Perlu dicatat, di dunia hanya ada tiga puncak gunung berselimut salju :
Tanzania, Peru dan Indonesia. Penelitian Tim BMKG bersama dengan Columbia
University (2015) menunjukkan pelelahan terjadi lebih cepat dari 5 tahun sebelumnya
(2010).
Riset
kecil – kecilan menunjukan pengaruh kegiatan manusia memang menyumbang kurang
lebih 30% konsentrasi karbon. Hal ini dibuktikan melalui pengamatan saat Hari
Raya Nyepi si Bali 2013 oleh BMKG. Dari lima lokasi yang diamati pada sebelum,
sesaat dan sesudah Hari Raya Nyepi, kenaikan sumbangan gas rumah kaca mencapai
30%.
Sejatinya,
perhatian manusia terhadap ketidak seimbangan dan eksplorasi pembangunan yang
melebihi daya dukung alam – paling tidak dalam 5 dasawarsa terakhir – telah banyak
dibahas. Perhatian dan keprihatinan tentang dampak “keserakahan” manusia dalam
mengeksplirasi sumber daya alam telah sukses menggeser konsep pembangunan “hitam”
menuju ke “hijau” yang lebih ramah terhadap lingkungan.
Di
Indonesia, upaya pembangunan melalui eksplorasi alam secara lebih ramah telah
lama dilakukan. Perhatian terhadap lingkungan hidup dan keseimbangan ekosistem
telah muncul sejak 1970-an dengan hadirnya Kementerian Lingkungan Hidup. Pada
tataran operasional, gada penerapan analisis dampak lingkungan (AMDAL) di
berbagai sector pembangunan (Peraturan Pemerintah No 27/2012). Melalui
kebijakan ini, sebuah rencana kegiatan pembangunan dikaji dari aspek ekologi, social – ekonomi, budaya dan
kesehatan masyarakat, untuk menjaga agar dampak negative terhadap masyarakat
tetap terukur dan dapat dihindari sejak dini.
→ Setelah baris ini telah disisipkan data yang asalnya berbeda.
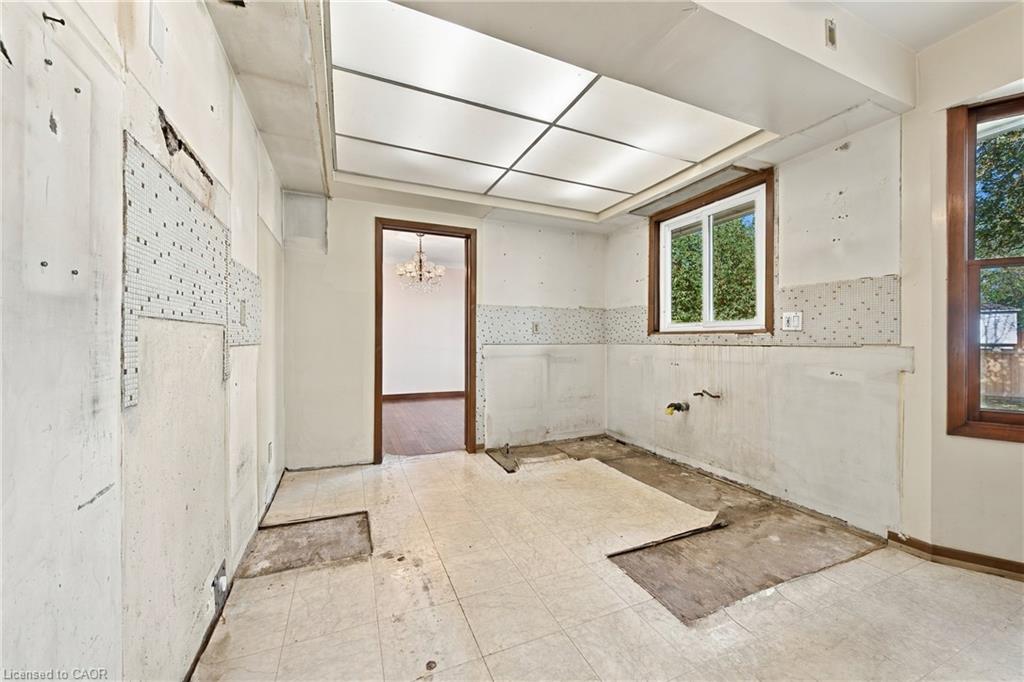 2429 Redfern Road Property Photo 5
Kenaikan suhu udara rata-rata dalam 100 tahun terakhir |
Namun
demikian, dorongan untuk menerapkan konsep pembangunan hijau ternyata belum
cukup mampu memitigasi dampak negative kegiatan pembangunan. Jebakan ekonomi
hijau menjadi termonologi umum untuk menyatakan ketidak-berdayaan konsepsi ini
menahan laju “keserakahan” eksploitasi alam. Hal ini juga sering dirujuk kepada
hasil dari IPCC tentang kecenderungan naiknya konsentrasi emisi karbon global yang
men-trigger pemanasan global dan
dampaknya yang terjadi dalam bentuk pergeseran iklim.
Di
Indonesia, kecenderungan kenaikan suhu tersebut juga teramati. Pada Gambar di
tunjukan hasil scenario kondisi kenaikan suhu udara dalam 100 tahun di berbagai
wilayah di Indonesia yang dihitung berdasarkan rujukan tahun 2014 terhadap base line 1980 – 1990. Kenaikan tertinggi
terjadi justru di Jawa Barat bagian selatan yang mencapai 1oC.
Sementara kenaikan terendah terjadi di wilayah Bali yaitu sekitar 0,14oC.
Menarik
pula membandingkan Bali dengan daerah sebelah timurnya yang diketahui tidak
begitu banyak hujan, Di Lombok dan Sumbawa kenaikan suhu memang sedikit lebih
tinggi, tetapi di NTT ternyata lebih tinggi dari pada kenaikan suhu global, yang
dalam 100 tahun “hanya” berkisar 0,3oC sd 0,7oC. Dari
gambaran di atas, dapat ditarik kesimpulan : Pertama, kenaikan suhu di
Indonesia secara rata-rata lebih tinggi daripada rerata global; Kedua, bahwa
kenaikan suhu tersebut dipengaruhi oleh kondisi geografis yang sangat lokal;
dan ketiga, terdapat korelasi yang jelas dengan aktivitas penduduk.